New platforms and services will face the same requirements for content as traditional media. AAP

Light on detail and raising many more questions than it answers, yesterday’s Convergence Review interim report is still bold and far-reaching, driven by a fundamentally optimistic view of the future for Australian culture, content and communication.

For the first time, new platforms and services – including those operating outside Australia – will be meeting the same regulatory requirements for Australian content as free-to-air and subscription television.

The broadcast services bands will be opened up, and a new market-based pricing system for spectrum will be instituted. Australian games companies, app developers and interactive content producers will have access to a tax offset previously only available to feature film and television drama producers.

The cross-media ownership rules, a focus of passionate debate in years gone by, will be scrapped, along with the limit on the reach of commercial free to air networks. A new public interest test will be introduced for media mergers and takeovers, to be administered by a new convergent regulator.

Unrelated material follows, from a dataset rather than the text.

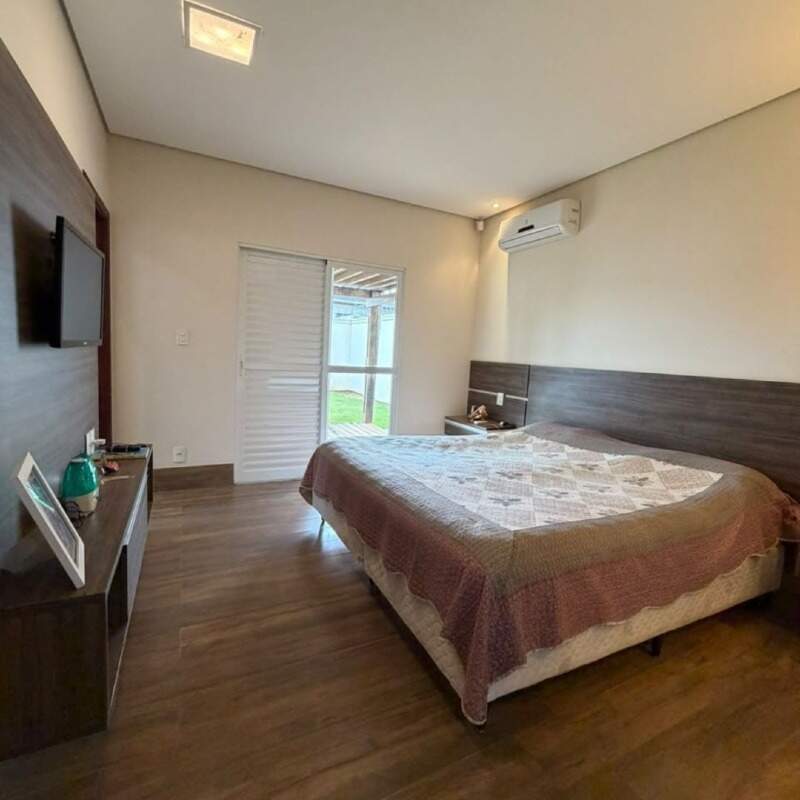 Casa à venda no Jardim Cecilia:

This last proposal for a new regulator, which was the draft report’s main headline, is also one of the most curious. While the other proposed changes will require substantial overhaul (and, the report claims, trimming down) of existing legislation, it is not immediately clear why the roles and responsibilities proposed for the new authority could not be performed by the Australian Communications Media Authority (ACMA).

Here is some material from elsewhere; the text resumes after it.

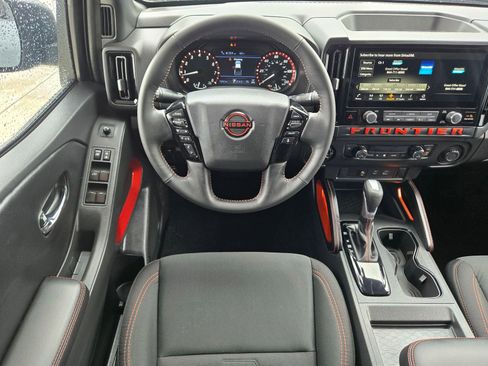 Used 2025 Nissan Frontier PRO-4X w/ Interior Protection Package AWD/4WD image 16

The proposed changes to Australian content regulation are enterprising and oriented to an as-yet unclear future media environment. In line with the review’s consistent emphasis on “regulatory parity”, the report proposes that all “Content Service Enterprises” be required to commit a percentage of total production expenditure to specified Australian content, along the lines of that currently operating for select subscription television channels.

The category of Content Service Enterprises is a broad and as yet ill-defined class of entities providing programs and other content to Australian audiences on any delivery platform.

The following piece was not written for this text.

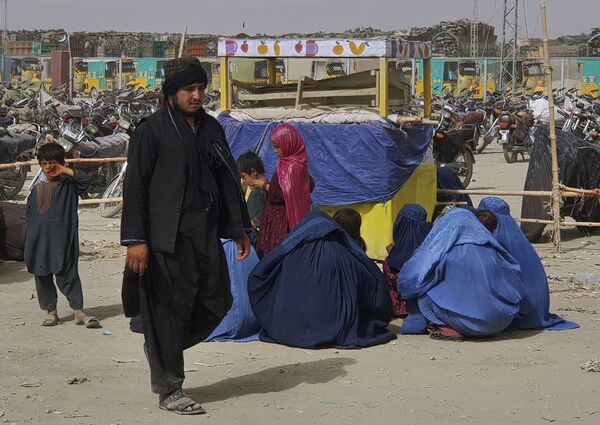 Жители Афганистана в городе Чаман на афганско-пакистанской границе. 15 августа 2021 года. - Sputnik Азербайджан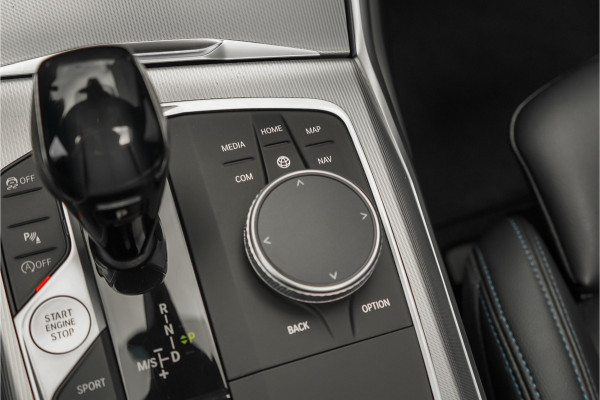 BMW 3 Serie Touring 330i M-Sport Pano H/K M-Sportrem Trekhaak CarPlay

It appears likely to cover large and small Australian players such as the existing free to air and subscription television companies, Bigpond and FetchTV, as well as international services that supply content to Australians including, presumably, Facebook, YouTube, and BBC iPlayer.

Some commentators are already suggesting that the imposition of this requirement on international services will discourage them from operating in Australia and potentially lead some Australian services to relocate offshore. And there are many questions about how these enterprises will be identified and monitored. But in theory at least, this is a bold attempt to spread the responsibility for supporting Australian content production to all services operating here.

The report also prioritises the encouragement of innovation through proposals to reduce the administrative and regulatory burden in some areas (though it remains to be seen whether cost savings will flow through to research and development), and through the extension of the Producer Offset to games and interactive content producers. Changes to spectrum allocation and use could also conceivably promote the development of innovative content and services.

While the report contains scant detail about either the nuts and bolts of the proposals, or how particular recommendations were reached, the report represents a dramatic shift in thinking about the future of Australian media.

Presumably the fine points will be revealed in the final report to the government, due in March. Submissions are invited by February 10. In the meantime, we can look forward to robust debate on the merits of these proposals as the major players and vested interests digest what promises to be the most extensive and comprehensive set of changes to media policy and industry settings ever seen in this country.